Villanova, Home Court, and the Odds

Filed under: Uncategorized — John Gasaway @ 1:46 pm

Since posting the log5 previews for the East and Midwest a few minutes ago, I’ve received multiple inquiries wondering whether the probabilities listed for Villanova reflect the fact that the Wildcats will be playing their first- and (they hope) second-round games in Philadelphia at the Wachovia Center, where Jay Wright‘s team played three regular season home games this year.

The answer is no: the numbers assume a neutral floor. Use these figures accordingly.

Obviously Villanova gets a boost from playing at home. (I actually think they get more of a boost from their opponent flying across three time zones, assuming UCLA does indeed meet up with ‘Nova.) I would only add one cautionary reminder.

Two years ago everyone outside the state of Texas went absolutely nuts when three-seed Texas A&M was put in a San Antonio bracket on the second weekend with one-seed Ohio State and two-seed Memphis. Buckeye fans in particular were livid. But, as it happened, the Tigers edged the Aggies in the Sweet 16 and the world continued spinning.

Not apples to apples, I know. Philly is more synonymous with Villanova than San Antonio is with A&M. Still, keep in mind Georgetown, to name one fairly innocuous non-tournament team, played at the Wachovia Center a couple weeks back and won by two. I merely wish to suggest that if the ‘Cats are counting on geography to do all their work, they will be flirting with an early exit.

March 16, 2009

Tomorrow’s Memes Today!

Filed under: Uncategorized — John Gasaway @ 8:23 am

The sound you do not hear is the sound of gossip.

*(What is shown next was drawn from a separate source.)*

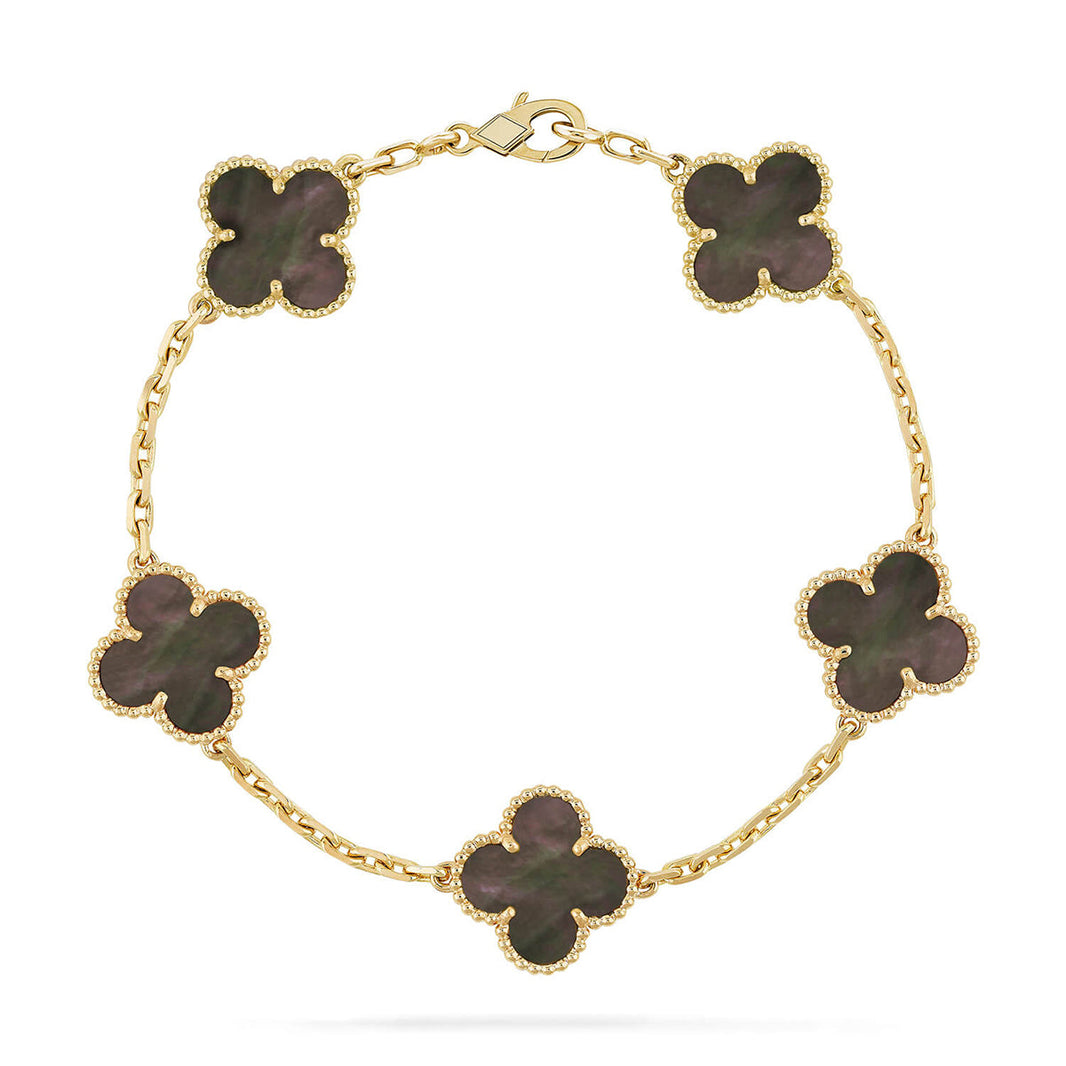 [Super Jewellery] CLOVER 5 MOTIF GRAY MOP BRACELET COLLECTION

It’s March. The brackets are set. We should talking about the coaches who were just fired and, more especially, gossiping about the coaches who want badly to be hired into those positions. Yet, unless you’re speculating furtively on who’s going to replace Dennis Wolff at Boston University, you’re not doing that kind of gossiping right now. Why not? 

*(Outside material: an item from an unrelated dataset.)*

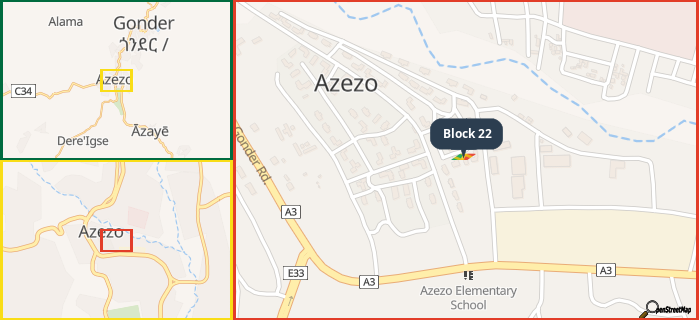 Map showing the address of Block 22 in three different zoom levels.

We here at Tomorrow’s Memes Today! think it’s the economy. Indeed TMT is proud to have brought this meme to you first, before a certain fly-by-night “news” organization followed rather feebly in our footsteps. The fact that last week passed without any morning-after dismissals was particularly notable.

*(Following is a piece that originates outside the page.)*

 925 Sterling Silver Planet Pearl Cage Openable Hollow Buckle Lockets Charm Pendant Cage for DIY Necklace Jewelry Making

That’s not to say an axe couldn’t fall this week or even today. But it would appear that the buyouts negotiated on behalf of coaches two or three years ago are looming large in 2009. 

March 15, 2009

Arizona

Filed under: Uncategorized — jsheehan @ 6:55 pm

I know I said I’d wait until tomorrow, but….Arizona? Really? Last year, they got in when a third of their schedule was hand-waved away as a product of injuries. This year, they go 2-9 on the road, do absolutely nothing out of state, fall apart down the stretch, finish .500 in conference, get waxed in the conference quarterfinal…and get in?

They weren’t one of my first eight out. Their case is the eight top-100 wins. EVERYTHING else is a negative.

This seems like a repudiation of everything the committee has said over the last decade. Creighton went 8-4 on the road, finished tied for first in their league, and had nine top-100 wins, admittedly mostly 51-100.

I just don’t understand this selection in the context of the last decade. The committee has selected the big-conference team that did less than the minimum over the mid-major that did very well, though not perfectly, with what it had.

I know I said there would be no arguing, but…this is a failure. It’s the only mistake they made, but it was a doozy.

Watch next year, as Arizona tries to lower the bar for selection yet again.

Epilogue

Filed under: Uncategorized — jsheehan @ 4:13 pm

Mississippi State won a comical ending against Tennessee, one that featured at least two phantom fouls in the last 15 seconds, and some terrible play by both teams. That puts them in the tournament, and costs, at least in my bracket, San Diego State its spot. I’ve shuffled the decks a bit. Here are the details:

Last four in: Creighton, Minnesota, Maryland, Dayton
Last four out: San Diego State, Penn State, Auburn, St. Mary’s
Next four out:  New Mexico, UNLV, Tulsa, Niagara
I don’t do bracketing, in no small part because I think the decisions on where to send teams geographically drive so many of the decisions that the seedings we see may not reflect the S-curve as closely as we’d like. Joe Lunardi, Jerry Palm…these guys have that stuff down, and I have this whole other sport to focus on. I did put together an S-curve, which is as close as I’ll get to seeding these teams.

I have Duke over Memphis for the final #1 seed, based on the quality wins. As I mentioned in today’s column, I’m starting to wonder whether Conference USA needs to be re-evaluated. I also have UConn lower than most, because they have been a different team since the Kevin Dyson injury. I could make a case for Oklahoma as a #3 for the same reasons, but I don’t know which team I’d elevate. The 2/15 games could be fairly interesting this year. If Memphis gets a #1 seed, they could hold a #16 under 20 points.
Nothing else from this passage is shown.